Saved entries:
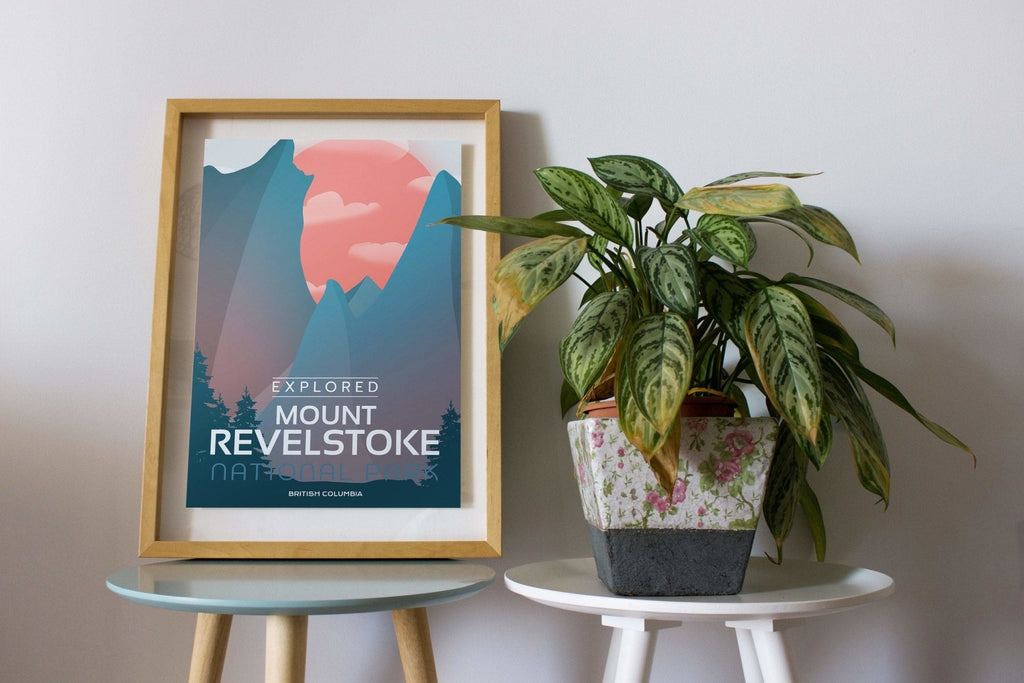 Affiche numérique « Exploré » du parc national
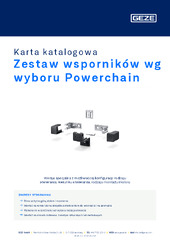 Zestaw wsporników wg wyboru Powerchain Karta katalogowa PL
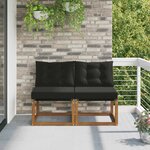 vidaXL 2 Pièce Canapé du milieu extérieur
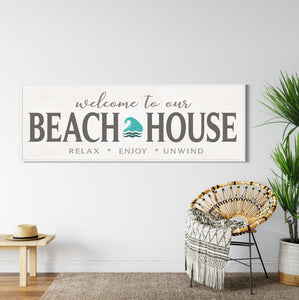 Welcome To Our Beach House - wave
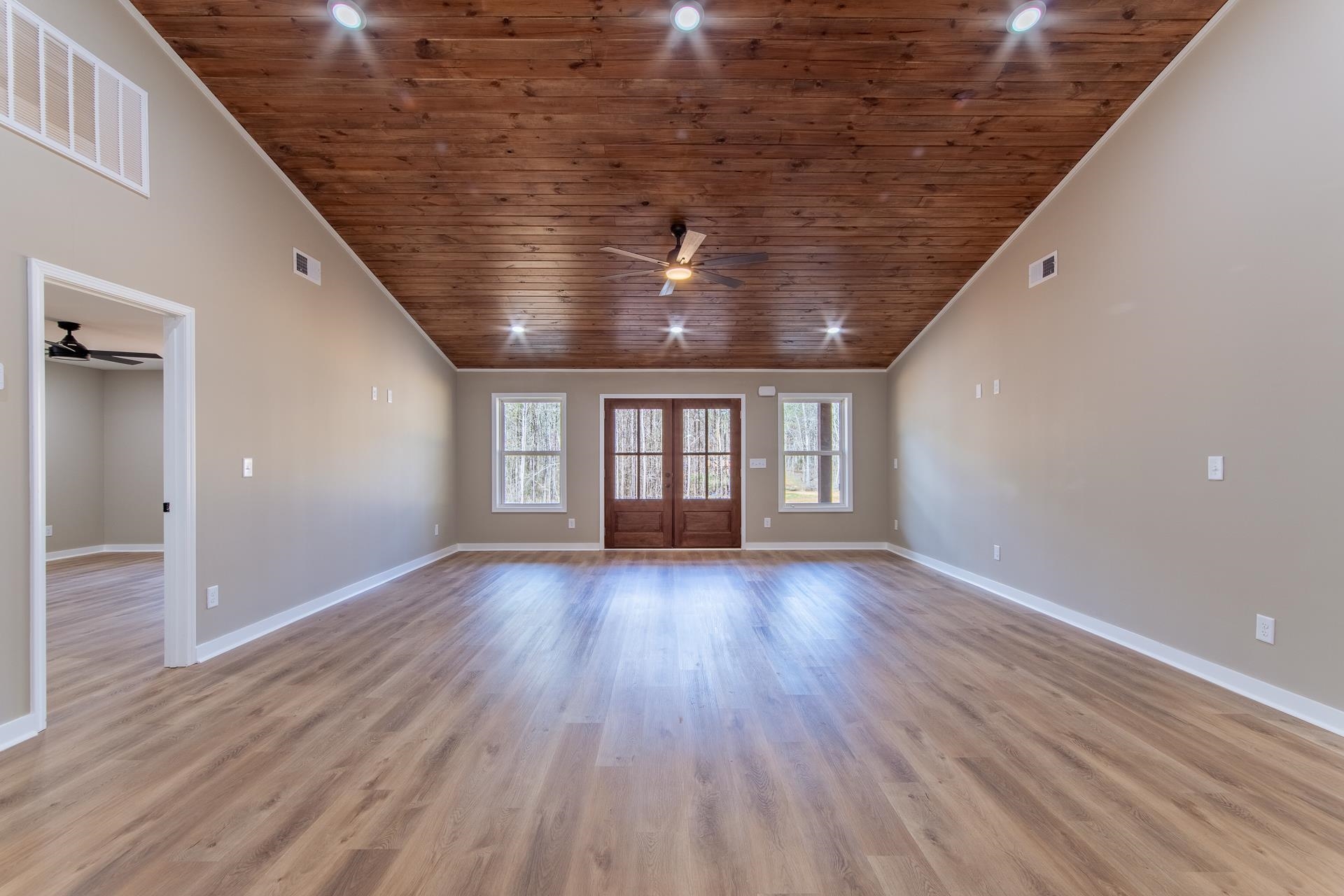 1471 Chambers Store Road Michie, TN 38357 - Photo 10 of 38 Foyer with visible vents, wooden ceiling, and a ceiling fan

Directions for this task. An exact copy of the lines from the one with "Zestaw wsporników wg" through the last line of the records, inclusive, is required, with all pictures left out.

Solution for this task.
 Zestaw wsporników wg wyboru Powerchain Karta katalogowa PL
 vidaXL 2 Pièce Canapé du milieu extérieur
 Welcome To Our Beach House - wave
 1471 Chambers Store Road Michie, TN 38357 - Photo 10 of 38 Foyer with visible vents, wooden ceiling, and a ceiling fan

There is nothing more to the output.